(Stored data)
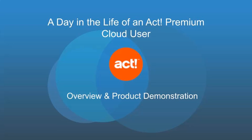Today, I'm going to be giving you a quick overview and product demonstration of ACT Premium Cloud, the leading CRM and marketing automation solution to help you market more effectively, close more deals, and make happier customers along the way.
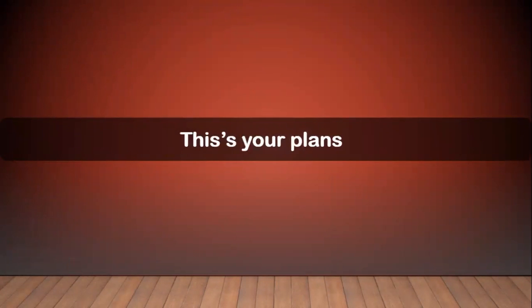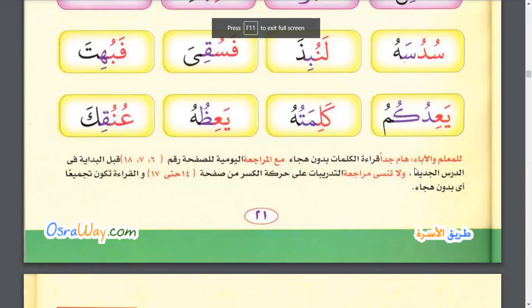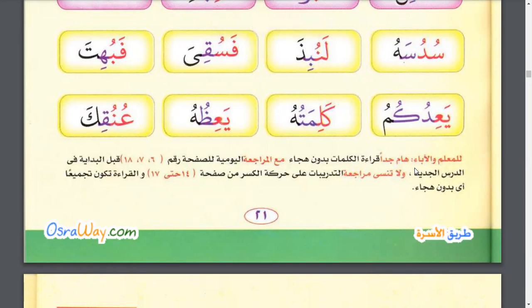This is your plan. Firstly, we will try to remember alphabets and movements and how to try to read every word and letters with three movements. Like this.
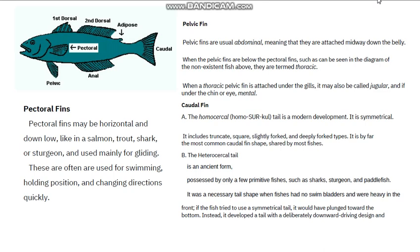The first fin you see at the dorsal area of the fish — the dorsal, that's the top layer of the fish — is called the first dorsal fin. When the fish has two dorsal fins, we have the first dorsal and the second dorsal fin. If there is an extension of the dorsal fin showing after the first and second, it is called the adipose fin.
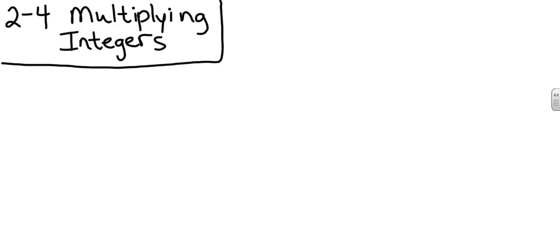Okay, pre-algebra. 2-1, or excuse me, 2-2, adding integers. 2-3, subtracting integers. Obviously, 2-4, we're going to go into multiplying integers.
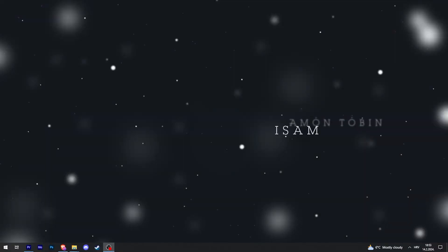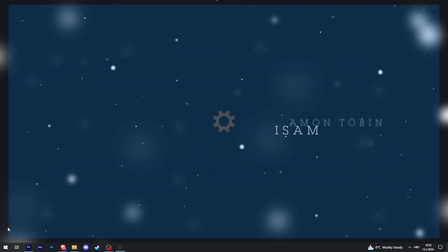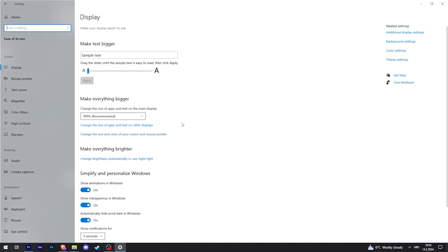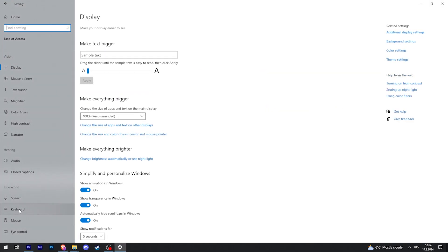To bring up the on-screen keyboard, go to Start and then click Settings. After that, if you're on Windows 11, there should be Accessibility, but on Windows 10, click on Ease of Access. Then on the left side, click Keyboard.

[Required work]: Transcribe all of the data above exactly; no picture belongs in the copy.

[Solution for this exercise]:
Today, I'm going to be giving you a quick overview and product demonstration of ACT Premium Cloud, the leading CRM and marketing automation solution to help you market more effectively, close more deals, and make happier customers along the way.
This is your plan. Firstly, we will try to remember alphabets and movements and how to try to read every word and letters with three movements. Like this.
The first fin you see at the dorsal area of the fish — the dorsal, that's the top layer of the fish — is called the first dorsal fin. When the fish has two dorsal fins, we have the first dorsal and the second dorsal fin. If there is an extension of the dorsal fin showing after the first and second, it is called the adipose fin.
Okay, pre-algebra. 2-1, or excuse me, 2-2, adding integers. 2-3, subtracting integers. Obviously, 2-4, we're going to go into multiplying integers.
To bring up the on-screen keyboard, go to Start and then click Settings. After that, if you're on Windows 11, there should be Accessibility, but on Windows 10, click on Ease of Access. Then on the left side, click Keyboard.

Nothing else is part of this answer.